D’après le témoignage d’un prêtre, de nouveaux affrontements inter-ethniques ont eu lieu à Bornéo (Kalimantan) provoquant la mort de cinq personnes et la destruction de centaines de cabanons (1). Par téléphone, le P. Fidelis Ninsa, capucin et curé de la paroisse St Fidelis à Pontianak, dans la province de Kalimantan-Ouest, a déclaré que la situation demeurait tendue après que des Malais locaux et des Madurais réfugiés se soient affrontés le 23 juin dans les environs proches de sa paroisse. “Les points chauds sont maintenant occupés par la police et les militaires, spécialement les camps des réfugiés Madurais, mais les gens ne semblent pas pour autant vouloir oser sortir de chez eux”, a-t-il déclaré.

Selon le P. Ninsa, les heurts ont commencé quand un groupe d’hommes a battu à mort un garçon malais âgé de 6 ans lors d’une tentative de vol qui s’est produite près d’un camp de réfugiés madurais. Le garçon et son père circulaient en moto. Suspectant les auteurs de cette tentative de vol et de ce meurtre d’être des Madurais, des Malais ont attaqué le camp des réfugiés installé dans le Centre sportif de badminton où vivent 344 familles maduraises. La foule a incendié leurs cabanons, un certain nombre d’étals placés à l’extérieur et des tricycles. “Quatre Madurais, tous les quatre conducteurs de tricycle, ont été tués, plusieurs portés disparus, probablement kidnappés par des Malais”, a encore précisé le prêtre, d’origine dayak.
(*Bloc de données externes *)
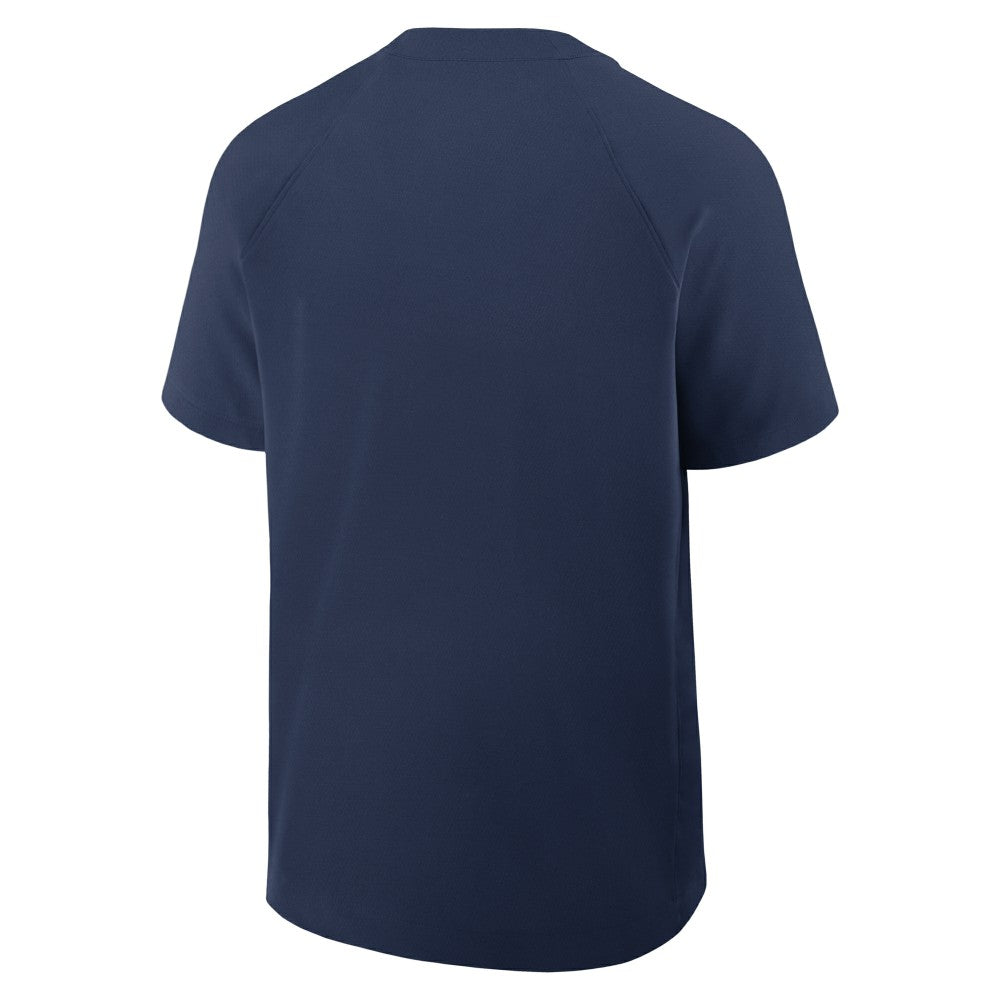 Milwaukee Brewers Nike Authentic Collection Raglan Short Sleeve Windshirt | MLB On Sale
Pour prévenir de nouveaux affrontements, le gouvernement local a affrété des camions, le 26 juin, pour évacuer les réfugiés à Sungai Asam et Tebang Kacang, à quelque 25 km de Pontianak, “mais les réfugiés refusent de partir”, a expliqué le prêtre catholique. Selon lui, certains réfugiés souhaiteraient quitter Pontianak mais ils sont menacés par d’autres qui les obligent à rester et qui disent que les réfugiés ne partiront que lorsque les autorités accorderont à chaque famille un hectare de terre et 30 millions de rupiah (environ 2 700 dollars US) en argent liquide, de quoi bâtir une maison.

Tous ces réfugiés étaient installés, souvent depuis de nombreuses années, dans le district de Samba, dans la province de Kalimantan-Ouest et sont originaires de Madura, île située à proximité de la côte nord-est de Java. Ils se sont repliés sur Pontianak, la capitale provinciale, après les affrontements de 1999 qui les ont opposés aux Dayaks, populations autochtones de Bornéo. Depuis, près de 15 000 de ces réfugiés ont été placés sous la protection du gouvernement local et logés dans deux centres, l’un sportif, l’autre universitaire.

Le P. Ninsa indique que les paroisses catholiques fournissent régulièrement aux réfugiés du riz, du poisson salé, des nouilles lyophilisées, de l’huile et du sucre. “Les musulmans malais protestent disant que l’Eglise catholique favorise trop les réfugiés madurais et, dans les camps, persiste toujours l’idée dans l’esprit des Madurais que l’aide de l’Eglise catholique ne vise qu’à les christianiser”, explique encore le prêtre qui souligne que tous les réfugiés madurais sont musulmans. Selon lui, les communautés dayaks et malaises se sont mises d’accord pour expulser les réfugiés madurais de la ville mais l’Eglise a demandé aux Dayaks catholiques de rester à l’écart de ces affrontements : “Nous rappelons toujours aux catholiques de ne pas se laisser abuser par les provocations et de rester solidaires avec tous.”